MONTI_120212_395
Existing comment:
Eight descendants of Elizabeth Hemings served in the Civil War, four in black regiments and four in white -- all on the Union side.

Black Regiments:

Peter Fossett was a captain in the Cincinnati Black Brigade in 1862, when it was formed as part of the defense of Cincinnati from Confederate invasion.
George Edmondson, Elizabeth Heming's great-great-grandson through Brown Colbert, served a year in the 127th (Pennsylvania) United States Colored Infantry, seeing action during the siege of Petersburg and Richmond.
John Freeman Shorter -- Elizabeth Hemings's great-great-grandson through Brown Colbert's sister Melinda Colbert Freeman -- served in one of the two famous black Massachusetts regiments, the 55th.

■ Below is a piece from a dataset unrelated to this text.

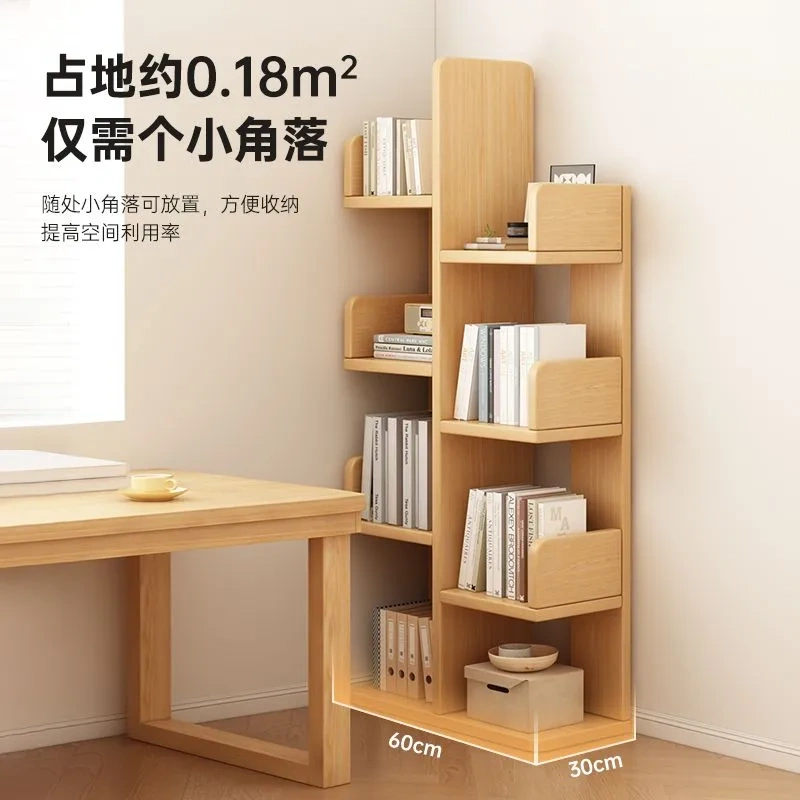 【訂購限量款】實木書架置物架落地簡易家用客廳臥室靠墻花架簡約創意樹形小書櫃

He was wounded at the Battle of Honey Hill, was commissioned lieutenant in 1864, but had to wait to be recognized until the War Department allowed black commissioned officers in 1865. He died soon after.
James Monroe Trotter and William H. Dupree married sisters, Elizabeth Hemings's great-great-granddaughters Virginia and Maria Elizabeth Isaacs. Trotter and Dupree were commissioned lieutenants who had to wait a year for their shoulder straps. Trotter and Shorter were prime movers in the protest against unequal pay for black soldiers.

White Regiments:
These four were all grandsons of Sally Hemings.
Madison Hemings's sons William Beverly Hemings and Thomas Eston Hemings both served in white Ohio infantry regiments, the 73rd and the 175th. Both were living as black when they enlisted in 1864. William B Hemings spent much of the war in a hospital, and Thomas E Hemings died in a Confederate prison camp, possibly Andersonville.
Eston Hemings's sons John Wayles Jefferson and Beverly Jefferson served in white Wisconsin regiments. Beverly Jefferson was a three-months man in the 1st Wisconsin. In 1861, his brother began his military career as a major of the famous Eagle regiment, the 8th Wisconsin. He served throughout the war, rising to lieutenant-colonel, and was for a time in command of the whole regiment. After the war, he became one of the wealthiest cotton brokers in Memphis, Tennessee.